Uma mulher preta como eu, filha da favela, conquistar a presidência da Comissão Permanente de Defesa dos Direitos da Mulher da Assembleia Legislativa do Estado do Rio de Janeiro (Alerj) significa pôr uma lupa no fato de que negras e pobres são estupradas, agredidas e mortas em maior número pela falta de acesso a recursos de proteção e defesa. Estar nesse lugar, como a mulher mais votada da história da Alerj, significa também uma conquista coletiva na luta histórica feminista contra a violência e as desigualdades de gênero e por políticas públicas de prevenção, de proteção e de garantia de direitos.
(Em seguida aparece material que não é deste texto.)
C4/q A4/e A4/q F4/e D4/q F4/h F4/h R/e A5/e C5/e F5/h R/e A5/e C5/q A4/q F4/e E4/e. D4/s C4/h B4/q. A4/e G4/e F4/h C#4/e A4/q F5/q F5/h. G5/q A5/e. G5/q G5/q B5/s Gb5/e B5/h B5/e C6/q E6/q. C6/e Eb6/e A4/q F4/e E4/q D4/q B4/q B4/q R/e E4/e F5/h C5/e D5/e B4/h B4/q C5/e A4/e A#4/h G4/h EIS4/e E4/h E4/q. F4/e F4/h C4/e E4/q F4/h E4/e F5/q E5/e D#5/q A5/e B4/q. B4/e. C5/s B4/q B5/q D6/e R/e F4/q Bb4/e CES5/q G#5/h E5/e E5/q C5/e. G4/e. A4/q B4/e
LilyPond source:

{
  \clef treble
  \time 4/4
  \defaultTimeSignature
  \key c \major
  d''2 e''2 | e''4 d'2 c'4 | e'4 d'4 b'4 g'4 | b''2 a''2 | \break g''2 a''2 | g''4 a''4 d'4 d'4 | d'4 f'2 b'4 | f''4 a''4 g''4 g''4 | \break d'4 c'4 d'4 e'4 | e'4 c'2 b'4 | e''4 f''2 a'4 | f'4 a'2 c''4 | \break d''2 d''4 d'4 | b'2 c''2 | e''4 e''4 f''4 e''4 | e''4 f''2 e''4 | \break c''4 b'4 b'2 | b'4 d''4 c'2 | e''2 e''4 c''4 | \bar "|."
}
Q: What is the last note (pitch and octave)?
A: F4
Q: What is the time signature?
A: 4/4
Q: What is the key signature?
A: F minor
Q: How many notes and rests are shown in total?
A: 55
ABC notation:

A responsabilidade e o desafio também são coletivos.

Enfrentar a violência de gênero no Rio, berço de um projeto político que faz do machismo bandeira programática, exige encará-la prioritariamente na política. Esse projeto se desdobra num cotidiano de ofensas e agressões a mulheres parlamentares pretas. O feminicídio político de Marielle Franco, em 14 de março de 2018, foi expressão máxima dessa violência política. Até hoje não conhecemos os mandantes do crime.  

No Rio, foi criada recentemente uma Secretaria da Mulher. Boa notícia. Só não foi possível compreender o motivo de ter havido redução de 88% no orçamento de 2023 para ações de proteção e defesa das mulheres. Em 2022, a previsão orçamentária já era insuficiente perante a demanda de ações emergenciais de acolhimento e proteção, de orientação jurídica, acompanhamento psicológico, assistência social, abrigo seguro. Que dirá do investimento em educação e cultura para formar pessoas para a igualdade e o respeito entre gêneros. Há muito por que lutar.

Esse cotidiano de violência de gênero exige mudança radical e urgente de rumos. Com a eleição de Lula, e uma nova concepção de Ministério da Mulher, abrem-se novas possibilidades de diálogo com os movimentos organizados e de atendimento às demandas históricas feministas. Mas, ao fim, seremos nós, as mulheres, que teremos de seguir cada vez mais unidas, organizadas e mobilizadas para ocupar as ruas, as redes e os espaços da política na luta para conquistar os avanços de que tanto precisamos.

A propósito, será por nossas vidas, por nossos direitos, por nossa liberdade e por mais democracia que amanhã, Dia Internacional da Mulher, vamos às ruas honrar a memória, o sangue e o futuro das nossas tantas e imprescindíveis Marielles e Marias.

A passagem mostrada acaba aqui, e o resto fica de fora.